WHAT IS REQUIRED: Each record is to be transcribed exactly.

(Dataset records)
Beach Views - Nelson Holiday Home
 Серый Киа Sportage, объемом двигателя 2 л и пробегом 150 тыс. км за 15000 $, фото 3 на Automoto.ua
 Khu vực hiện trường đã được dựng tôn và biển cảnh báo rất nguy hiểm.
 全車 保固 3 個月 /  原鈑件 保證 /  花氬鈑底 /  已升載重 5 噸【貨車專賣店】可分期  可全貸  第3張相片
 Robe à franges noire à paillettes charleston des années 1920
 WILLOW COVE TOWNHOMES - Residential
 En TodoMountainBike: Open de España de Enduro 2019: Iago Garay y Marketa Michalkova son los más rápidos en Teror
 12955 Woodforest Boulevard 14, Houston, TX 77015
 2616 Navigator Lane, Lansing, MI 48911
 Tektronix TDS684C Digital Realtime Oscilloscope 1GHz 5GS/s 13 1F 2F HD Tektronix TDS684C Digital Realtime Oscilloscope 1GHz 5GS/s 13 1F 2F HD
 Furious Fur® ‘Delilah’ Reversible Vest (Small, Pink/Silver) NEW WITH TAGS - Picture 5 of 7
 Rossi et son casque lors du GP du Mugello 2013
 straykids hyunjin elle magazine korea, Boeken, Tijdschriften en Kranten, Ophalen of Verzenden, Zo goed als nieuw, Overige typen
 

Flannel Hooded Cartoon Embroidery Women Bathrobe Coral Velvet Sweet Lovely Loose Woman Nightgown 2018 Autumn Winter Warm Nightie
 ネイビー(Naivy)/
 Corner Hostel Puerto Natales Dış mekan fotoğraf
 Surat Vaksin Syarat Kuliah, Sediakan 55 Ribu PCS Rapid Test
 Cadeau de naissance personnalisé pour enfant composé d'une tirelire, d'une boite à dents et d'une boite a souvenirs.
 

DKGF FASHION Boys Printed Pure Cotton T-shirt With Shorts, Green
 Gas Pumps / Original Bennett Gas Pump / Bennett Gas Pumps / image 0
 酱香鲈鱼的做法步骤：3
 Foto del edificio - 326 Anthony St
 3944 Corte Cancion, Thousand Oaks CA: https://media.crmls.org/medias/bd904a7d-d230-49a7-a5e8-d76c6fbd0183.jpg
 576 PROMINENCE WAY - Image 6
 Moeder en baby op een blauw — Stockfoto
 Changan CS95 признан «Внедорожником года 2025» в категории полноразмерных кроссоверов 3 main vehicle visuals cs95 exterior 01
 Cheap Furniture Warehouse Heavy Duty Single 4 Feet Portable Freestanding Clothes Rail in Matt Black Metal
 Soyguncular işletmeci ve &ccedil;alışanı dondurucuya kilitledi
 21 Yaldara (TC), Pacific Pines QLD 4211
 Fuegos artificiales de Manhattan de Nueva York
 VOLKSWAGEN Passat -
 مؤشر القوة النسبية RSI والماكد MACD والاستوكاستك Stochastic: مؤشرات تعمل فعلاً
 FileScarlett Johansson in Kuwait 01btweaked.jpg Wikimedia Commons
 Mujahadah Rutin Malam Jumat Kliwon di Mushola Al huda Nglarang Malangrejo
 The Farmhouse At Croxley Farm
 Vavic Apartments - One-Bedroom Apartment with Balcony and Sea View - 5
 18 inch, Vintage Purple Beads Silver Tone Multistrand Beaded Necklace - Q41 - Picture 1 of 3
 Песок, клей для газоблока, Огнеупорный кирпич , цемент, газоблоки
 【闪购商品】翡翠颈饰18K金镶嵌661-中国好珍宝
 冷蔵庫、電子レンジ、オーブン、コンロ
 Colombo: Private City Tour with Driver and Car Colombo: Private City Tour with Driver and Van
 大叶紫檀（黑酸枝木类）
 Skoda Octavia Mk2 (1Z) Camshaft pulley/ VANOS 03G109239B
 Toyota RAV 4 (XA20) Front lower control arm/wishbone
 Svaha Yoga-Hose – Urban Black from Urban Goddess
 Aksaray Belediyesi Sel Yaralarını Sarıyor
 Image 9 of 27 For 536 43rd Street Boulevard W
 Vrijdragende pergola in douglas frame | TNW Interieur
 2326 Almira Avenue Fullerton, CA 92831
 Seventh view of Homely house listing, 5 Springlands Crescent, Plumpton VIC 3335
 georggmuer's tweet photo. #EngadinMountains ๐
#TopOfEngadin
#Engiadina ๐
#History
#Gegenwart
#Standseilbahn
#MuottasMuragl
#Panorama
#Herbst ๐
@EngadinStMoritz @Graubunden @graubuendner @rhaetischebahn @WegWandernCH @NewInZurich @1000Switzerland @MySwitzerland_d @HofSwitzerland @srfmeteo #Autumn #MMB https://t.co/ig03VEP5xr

ANSWER TO THE EXERCISE:
Beach Views - Nelson Holiday Home
 Серый Киа Sportage, объемом двигателя 2 л и пробегом 150 тыс. км за 15000 $, фото 3 на Automoto.ua
 Khu vực hiện trường đã được dựng tôn và biển cảnh báo rất nguy hiểm.
 全車 保固 3 個月 /  原鈑件 保證 /  花氬鈑底 /  已升載重 5 噸【貨車專賣店】可分期  可全貸  第3張相片
 Robe à franges noire à paillettes charleston des années 1920
 WILLOW COVE TOWNHOMES - Residential
 En TodoMountainBike: Open de España de Enduro 2019: Iago Garay y Marketa Michalkova son los más rápidos en Teror
 12955 Woodforest Boulevard 14, Houston, TX 77015
 2616 Navigator Lane, Lansing, MI 48911
 Tektronix TDS684C Digital Realtime Oscilloscope 1GHz 5GS/s 13 1F 2F HD Tektronix TDS684C Digital Realtime Oscilloscope 1GHz 5GS/s 13 1F 2F HD
 Furious Fur® ‘Delilah’ Reversible Vest (Small, Pink/Silver) NEW WITH TAGS - Picture 5 of 7
 Rossi et son casque lors du GP du Mugello 2013
 straykids hyunjin elle magazine korea, Boeken, Tijdschriften en Kranten, Ophalen of Verzenden, Zo goed als nieuw, Overige typen
 

Flannel Hooded Cartoon Embroidery Women Bathrobe Coral Velvet Sweet Lovely Loose Woman Nightgown 2018 Autumn Winter Warm Nightie
 ネイビー(Naivy)/
 Corner Hostel Puerto Natales Dış mekan fotoğraf
 Surat Vaksin Syarat Kuliah, Sediakan 55 Ribu PCS Rapid Test
 Cadeau de naissance personnalisé pour enfant composé d'une tirelire, d'une boite à dents et d'une boite a souvenirs.
 

DKGF FASHION Boys Printed Pure Cotton T-shirt With Shorts, Green
 Gas Pumps / Original Bennett Gas Pump / Bennett Gas Pumps / image 0
 酱香鲈鱼的做法步骤：3
 Foto del edificio - 326 Anthony St
 3944 Corte Cancion, Thousand Oaks CA: https://media.crmls.org/medias/bd904a7d-d230-49a7-a5e8-d76c6fbd0183.jpg
 576 PROMINENCE WAY - Image 6
 Moeder en baby op een blauw — Stockfoto
 Changan CS95 признан «Внедорожником года 2025» в категории полноразмерных кроссоверов 3 main vehicle visuals cs95 exterior 01
 Cheap Furniture Warehouse Heavy Duty Single 4 Feet Portable Freestanding Clothes Rail in Matt Black Metal
 Soyguncular işletmeci ve &ccedil;alışanı dondurucuya kilitledi
 21 Yaldara (TC), Pacific Pines QLD 4211
 Fuegos artificiales de Manhattan de Nueva York
 VOLKSWAGEN Passat -
 مؤشر القوة النسبية RSI والماكد MACD والاستوكاستك Stochastic: مؤشرات تعمل فعلاً
 FileScarlett Johansson in Kuwait 01btweaked.jpg Wikimedia Commons
 Mujahadah Rutin Malam Jumat Kliwon di Mushola Al huda Nglarang Malangrejo
 The Farmhouse At Croxley Farm
 Vavic Apartments - One-Bedroom Apartment with Balcony and Sea View - 5
 18 inch, Vintage Purple Beads Silver Tone Multistrand Beaded Necklace - Q41 - Picture 1 of 3
 Песок, клей для газоблока, Огнеупорный кирпич , цемент, газоблоки
 【闪购商品】翡翠颈饰18K金镶嵌661-中国好珍宝
 冷蔵庫、電子レンジ、オーブン、コンロ
 Colombo: Private City Tour with Driver and Car Colombo: Private City Tour with Driver and Van
 大叶紫檀（黑酸枝木类）
 Skoda Octavia Mk2 (1Z) Camshaft pulley/ VANOS 03G109239B
 Toyota RAV 4 (XA20) Front lower control arm/wishbone
 Svaha Yoga-Hose – Urban Black from Urban Goddess
 Aksaray Belediyesi Sel Yaralarını Sarıyor
 Image 9 of 27 For 536 43rd Street Boulevard W
 Vrijdragende pergola in douglas frame | TNW Interieur
 2326 Almira Avenue Fullerton, CA 92831
 Seventh view of Homely house listing, 5 Springlands Crescent, Plumpton VIC 3335
 georggmuer's tweet photo. #EngadinMountains ๐
#TopOfEngadin
#Engiadina ๐
#History
#Gegenwart
#Standseilbahn
#MuottasMuragl
#Panorama
#Herbst ๐
@EngadinStMoritz @Graubunden @graubuendner @rhaetischebahn @WegWandernCH @NewInZurich @1000Switzerland @MySwitzerland_d @HofSwitzerland @srfmeteo #Autumn #MMB https://t.co/ig03VEP5xr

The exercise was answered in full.